Work instruction:
Please give back, exactly as written, the lines from the line with "2024 Gucci Green Leather Slippers MJ00200" to the line with "WZQ941 Oregon License Plate" in the listing below, leaving out all pictures.

Supplied records:
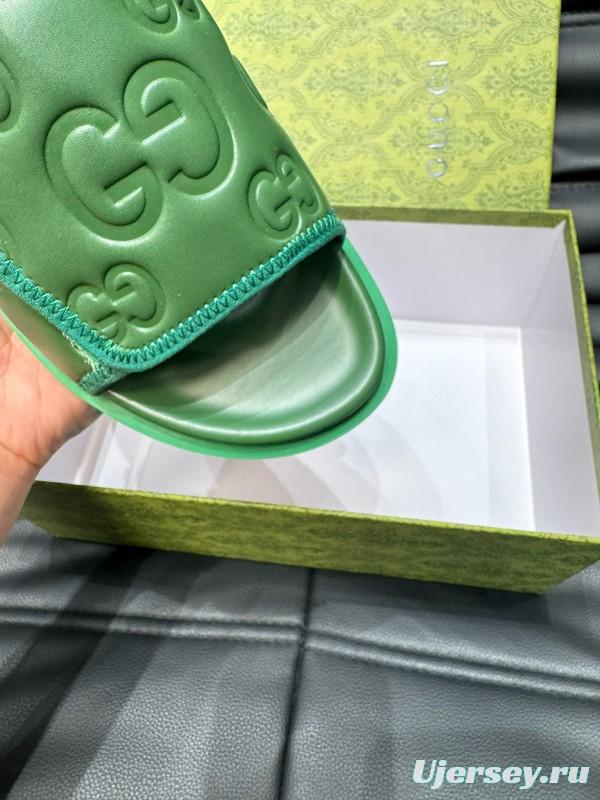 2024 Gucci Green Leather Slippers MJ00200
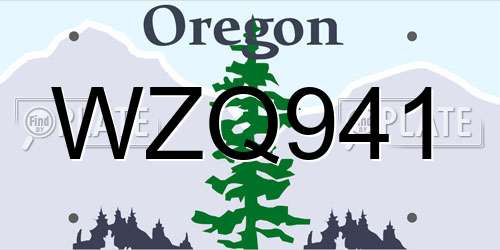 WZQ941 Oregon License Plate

==

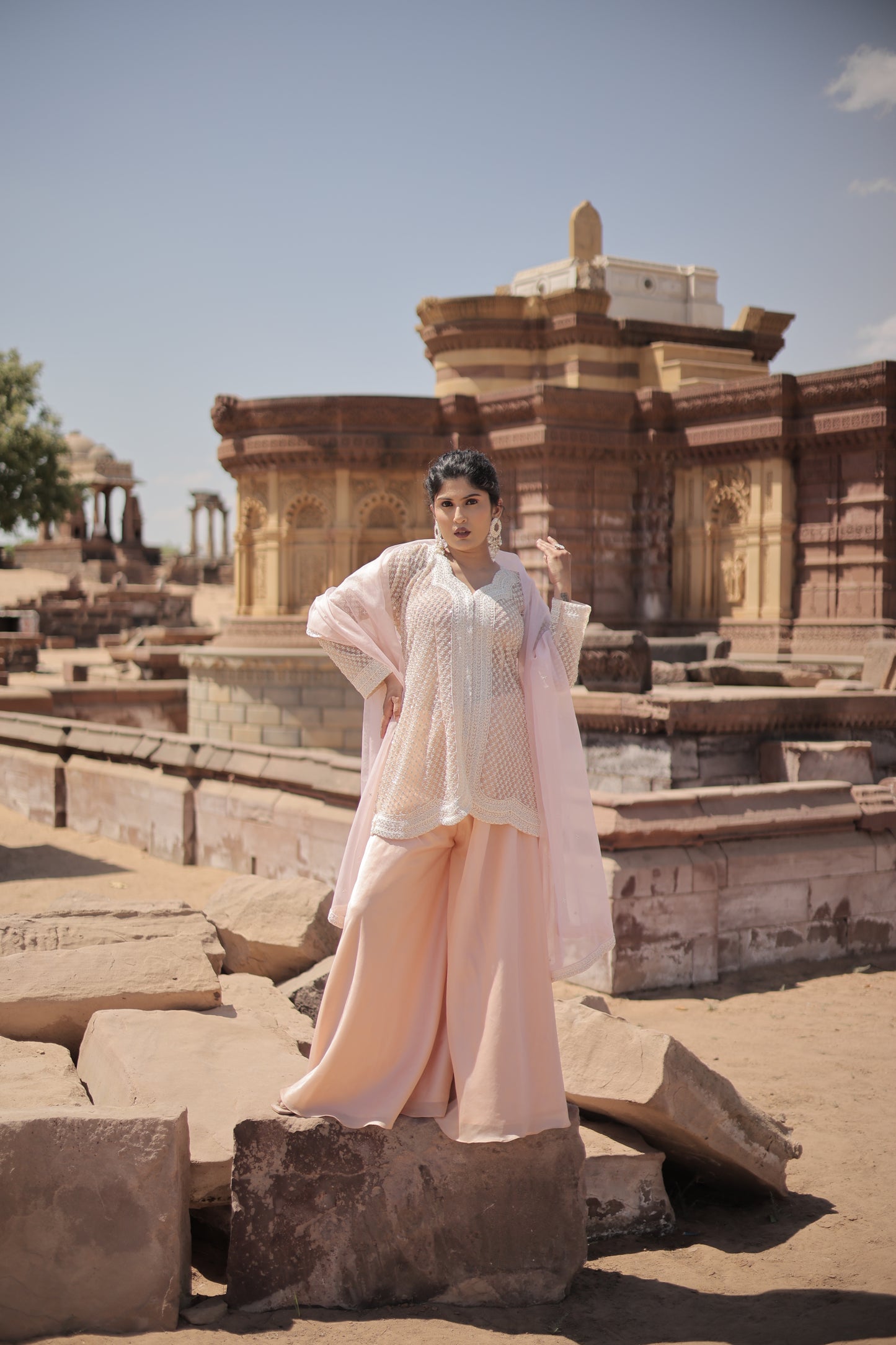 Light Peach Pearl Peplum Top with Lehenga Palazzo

Problem solution:
 2024 Gucci Green Leather Slippers MJ00200
 WZQ941 Oregon License Plate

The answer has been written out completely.